![image.jpeg](PlayStore.jpeg)

# **Data Cleaning and Analysis Activities**

**`Note:` it's better to make a copy from the dataframe and test on it before making any changes in the orignal one**

### 1.Which of the following column(s) has/have null values?

Select the columns that you have identified having null/missing values.

In [None]:
 df.isnull().sum()

### 2. Clean the Rating Column and Other Columns Containing Null Values

**Steps:**

0. Try plotting a histogram and a boxplot for this column to understand the issue
1. Remove invalid values from the Rating column (set them as NaN).
2. Fill null values in the Rating column using the mean().
3. Clean any other non-numerical columns by dropping the rows containing null values.
4. Perform the modifications "in place", modifying `df`. If you make a mistake, re-load the data.

**Details:**
- Replace all ratings not in the range of 0 to 5 with NaN.
- Drop rows with null values in other columns.

In [None]:
import numpy as np
df.loc[(df['Rating']<0) | (df['Rating']>5), 'Rating' ] = np.nan #replace invalid numbers with nan
df['Rating'].fillna(df['Rating'].mean(),inplace=True)
df.dropna(inplace=True)

### 3. Clean the Reviews Column and Make It Numeric

You'll notice that some columns from this dataframe which should be numeric, were parsed as object (string). That's because sometimes the numbers are expressed with M, or k to indicate Mega or kilo.

Clean the Reviews column by transforming the values to the correct numeric representation.

For example, 5M should be 5000000.

In [None]:
#Convert the Reviews column to numeric
def reviews(values):
  if isinstance(value, str): #check if yhe value is a string
    if 'M' in value: # Convert "M" (Millions) to an integer
       return int(float(value.replace('M',' '))*1000000)
    elif 'K' in value: #convert "K" (Thousands) to an integer
       return int(float(value.replace('K',' '))*1000)
  return int(value) # Keep numeric values unchanged
df['reviews'] = df['reviews'].apply(reviews)

### 4. Count the Number of Duplicated Apps

Count the number of duplicated rows. That is, if the app Twitter appears 2 times, that counts as 2.

In [None]:
df.duplicated(subset=['App']).sum()

### 5. Drop Duplicated Apps Keeping Only the Ones with the Greatest Number of Reviews

Now that the Reviews column is numeric, we can use it to clean duplicated apps. Drop duplicated apps, keeping just one copy of each, the one with the greatest number of reviews.

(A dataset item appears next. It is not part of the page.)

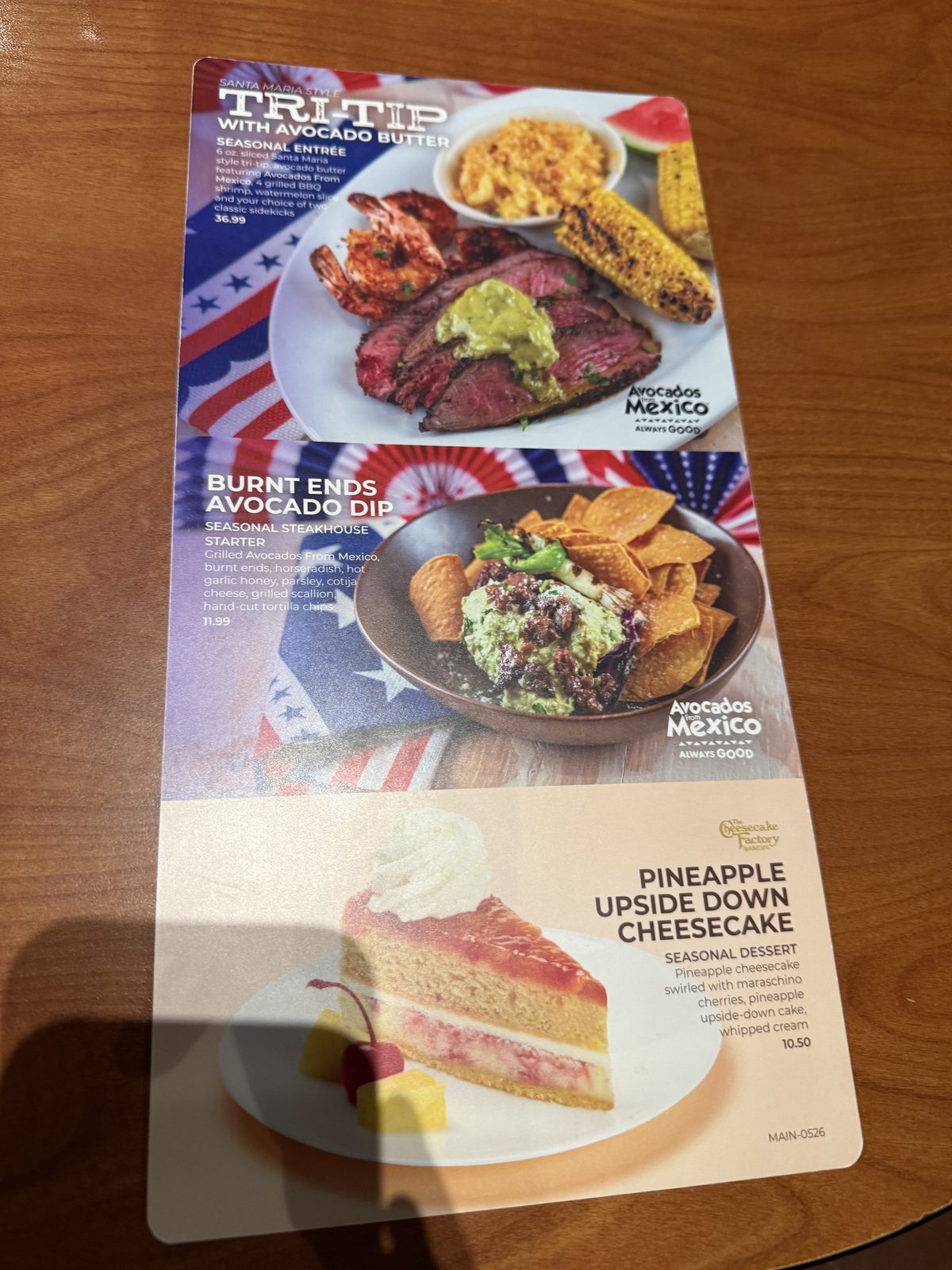 A seasonal specials insert listing Santa Maria Style Tri-Tip with avocado butter and grilled shrimp for $36.99, a Burnt Ends Avocado Dip appetizer with tortilla chips for $11.99, and a Cheesecake Factory Bakery Pineapple Upside Down Cheesecake for $10.50, each with its own photo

Hint: you'll need to sort the dataframe by App and Reviews, and that will change the order of your df.

In [None]:
df = df.sort_values(by['App', 'reviews'],ascending[True,False])
df = df.drop_duplicates(subset=['App'], keep ='first') # Drop duplicate apps while keeping the one with the highest number of reviews

### 6. Format the Category Column

Categories are all uppercase and words are separated using underscores. Instead, we want them with capitalized in the first character and the underscores transformed as whitespaces.

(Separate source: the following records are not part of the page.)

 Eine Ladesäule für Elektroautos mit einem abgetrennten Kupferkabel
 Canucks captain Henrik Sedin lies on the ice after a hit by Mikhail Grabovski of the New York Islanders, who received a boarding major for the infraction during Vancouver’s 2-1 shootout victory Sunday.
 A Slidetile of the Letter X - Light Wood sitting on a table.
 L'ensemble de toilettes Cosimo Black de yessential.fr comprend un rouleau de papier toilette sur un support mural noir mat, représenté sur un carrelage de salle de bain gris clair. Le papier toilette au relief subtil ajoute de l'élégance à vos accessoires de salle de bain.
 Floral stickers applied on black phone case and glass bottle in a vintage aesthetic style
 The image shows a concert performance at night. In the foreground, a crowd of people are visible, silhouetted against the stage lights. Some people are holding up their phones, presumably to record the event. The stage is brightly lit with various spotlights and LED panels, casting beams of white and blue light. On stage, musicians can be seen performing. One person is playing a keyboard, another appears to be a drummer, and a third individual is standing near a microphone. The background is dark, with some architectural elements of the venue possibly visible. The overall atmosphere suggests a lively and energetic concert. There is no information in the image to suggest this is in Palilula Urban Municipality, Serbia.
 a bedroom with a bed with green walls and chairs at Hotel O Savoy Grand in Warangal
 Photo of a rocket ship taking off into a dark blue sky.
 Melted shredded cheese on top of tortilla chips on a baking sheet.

Example, the category AUTO_AND_VEHICLES should be transformed to: Auto and vehicles. Also, if you find any other wrong value transform it into an Unknown category.

In [None]:
df['Category'] = df['Category'].str.replace('_',' ').str.title() # Replace underscores with spaces and capitalize the first letter of each word
valid_categories = df['Category'].unique()
df.loc[~df['Category'].isin(valid_categories), 'Category'] = 'Unknown' # Replace any invalid categories with 'Unknown'

### 7. Clean and Convert the Installs Column to Numeric Type

Clean and transform Installs as a numeric type. Some values in Installs will have a + modifier. Just remove the string and honor the original number (for example +2,500 or 2,500+ should be transformed to the number 2500).

In [None]:
df['Installs'] = df['Installs'].str.replace('+',' ').str.replace(',',' ').astype(int)

### 8. Clean and Convert the Size Column to Numeric (Representing Bytes)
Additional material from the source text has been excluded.